Hong Kong Palace Museum Board Members Appointed

by Julee WJ Chung

Bernard Charnwut Chan, who serves as convener of Chief Executive Carrie Lam’s Executive Council, has been appointed chairman of the board of Hong Kong Palace Museum Ltd. Image via Social Ventures Hong Kong’s web page

On March 2, the West Kowloon Cultural District Authority (WKCDA) announced the appointment of 14 board members who will lead the curatorial mission, strategies, policies and guidelines of Hong Kong’s Palace Museum under the newly established Hong Kong Palace Museum limited company. The appointment terms are from March 1, 2018, to December 31, 2019. The museum has been slated to open in 2022 in the West Kowloon Cultural District.

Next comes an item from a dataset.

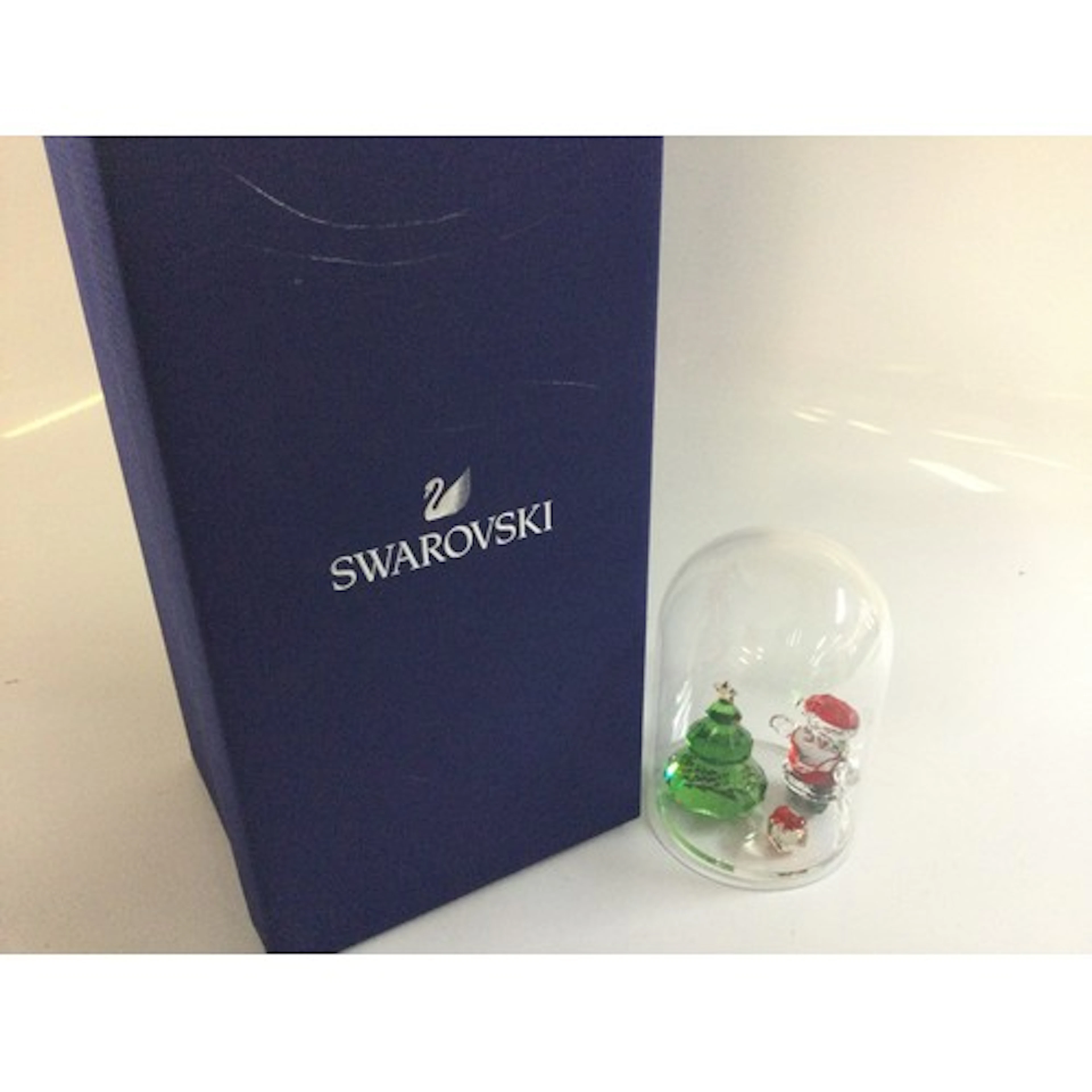 A boxed Swarovski ornament Joyful Bell Jar set (article numb...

The board will be led by chairman Bernard Charnwut Chan, who is also convenor of Chief Executive Carrie Lam Cheng Yuetngor’s Executive Council; and vice chairman Lee Chackfan, formerly the pro-vice chancellor of the University of Hong Kong. Among its other members are several figures who already serve on the WKCDA board, such as architect and ink-painter Raymond Fun Wingkee; chairman of the Yau Tsim Mong district council Chris Ip Ngotung; painter and designer Kan Taikeung; and WKCDA chief executive officer Duncan Pescod. The board will also comprise government officials including undersecretary for home affairs Florence Hui Hiufai; permanent secretary for home affairs Betty Fung; and director of the leisure and cultural services department Michelle Li Meisheung. Additionally, academics such as Peter Lam Yipkeung, Harold Mok Karleung, historian Joseph Ting Sunpao, as well as philanthropists Nisa Bernice Leung Wingyu and Nancy Maria Lee Chang will be represented.

Two of these members, Betty Fung and Duncan Pescod, began their term of appointment on November 30, 2017, and will continue to hold their post until November 29, 2020.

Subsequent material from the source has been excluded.